EXERCISE DATA »
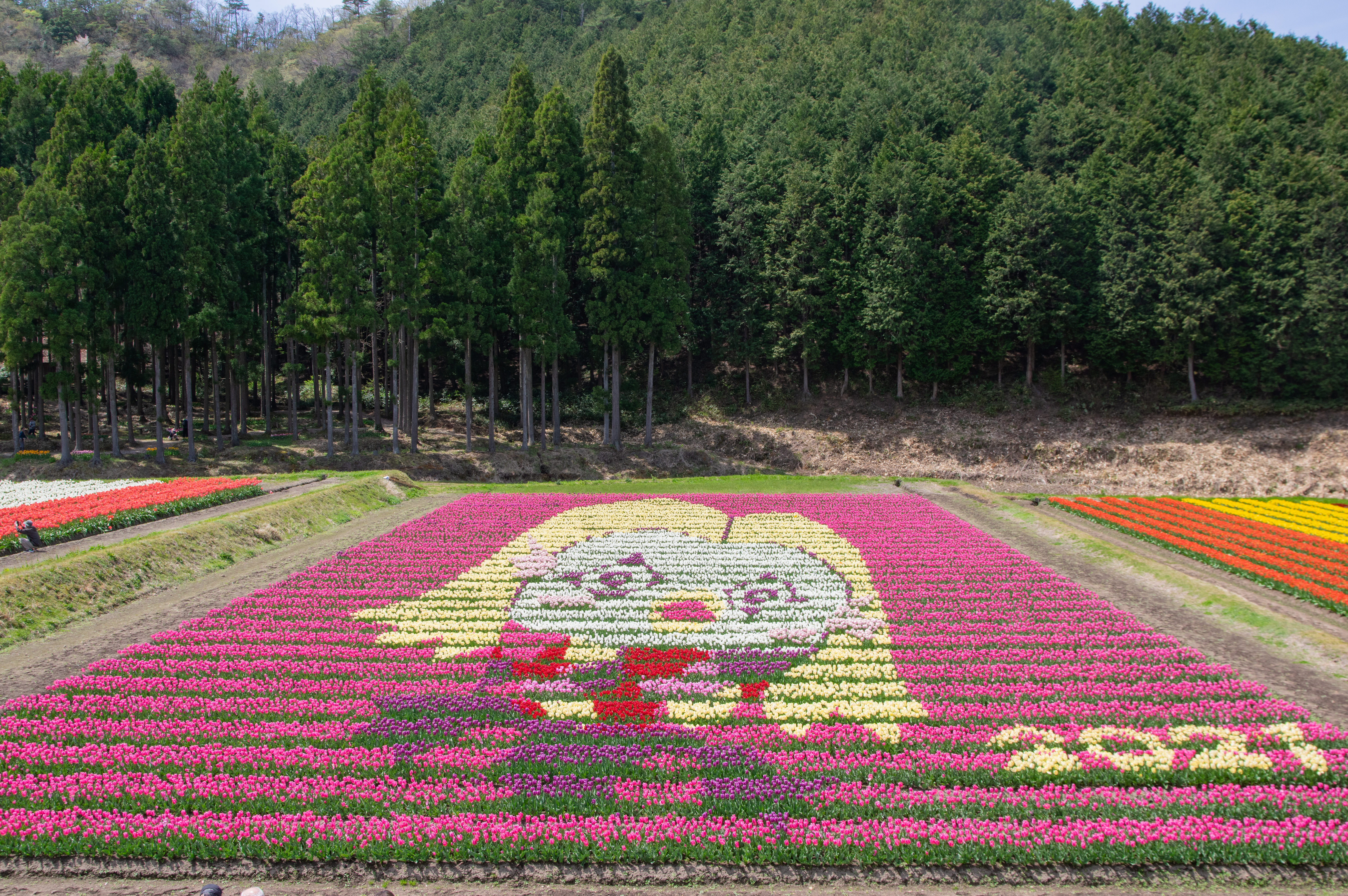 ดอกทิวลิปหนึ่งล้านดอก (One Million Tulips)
==
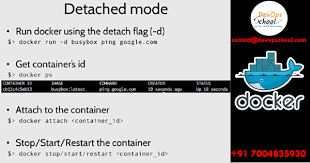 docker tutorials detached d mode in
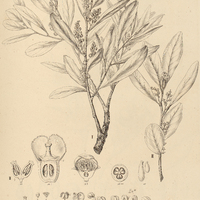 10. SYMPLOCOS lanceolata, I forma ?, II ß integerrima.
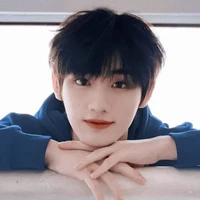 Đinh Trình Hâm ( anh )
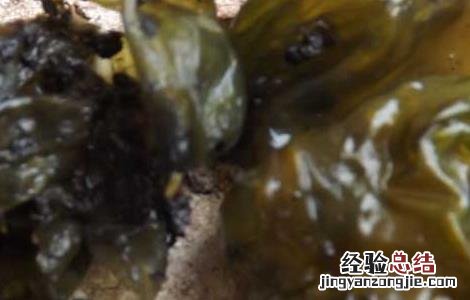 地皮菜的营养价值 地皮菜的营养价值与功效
==
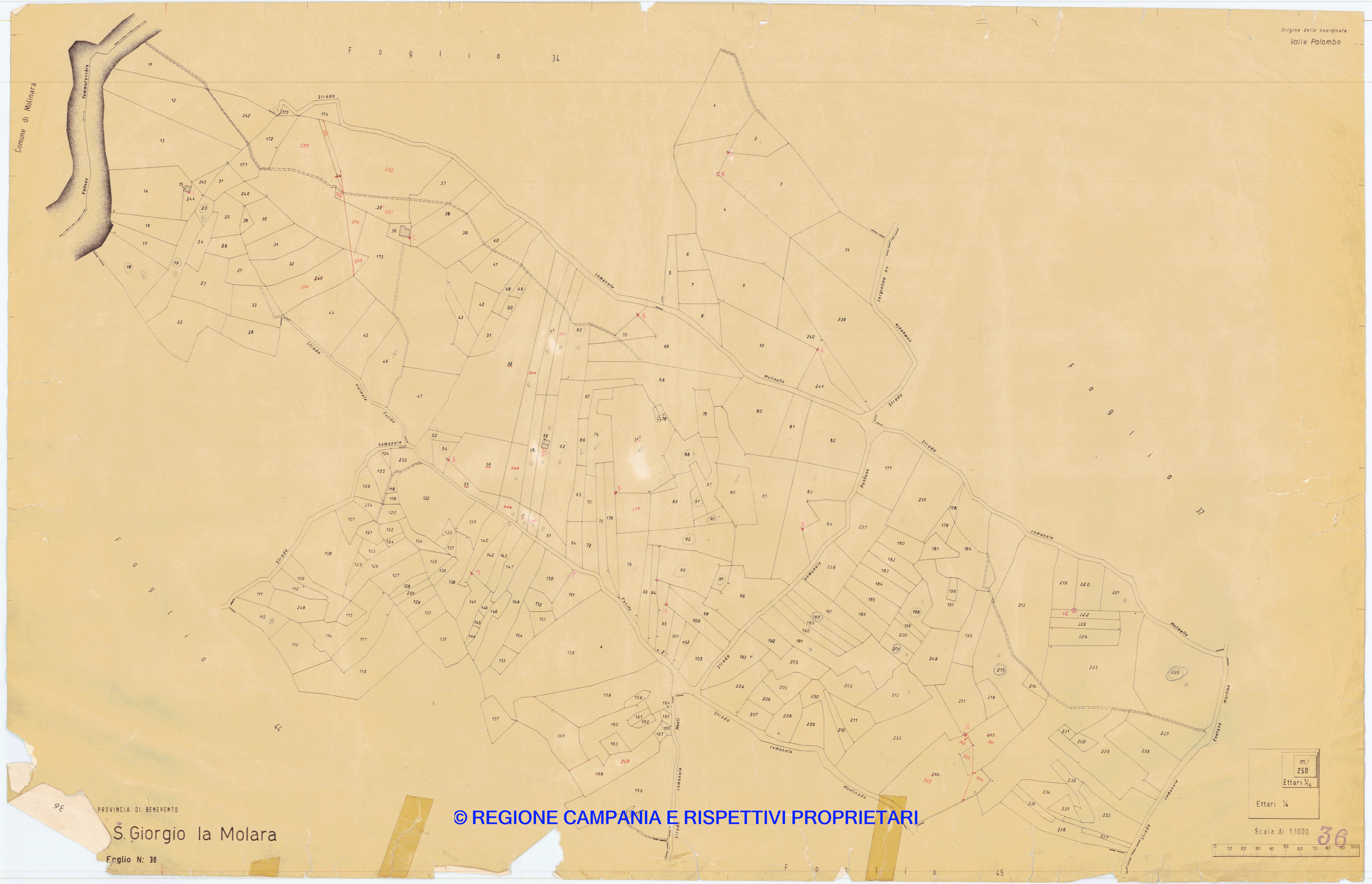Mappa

WHAT IS REQUIRED »
Everything from the line above that contains "docker tutorials detached d mode in" down to the line that contains "地皮菜的营养价值 地皮菜的营养价值与功效" must be reproduced exactly, both ends included. Omit the pictures.

WRITTEN SOLUTION »
 docker tutorials detached d mode in
 10. SYMPLOCOS lanceolata, I forma ?, II ß integerrima.
 Đinh Trình Hâm ( anh )
 地皮菜的营养价值 地皮菜的营养价值与功效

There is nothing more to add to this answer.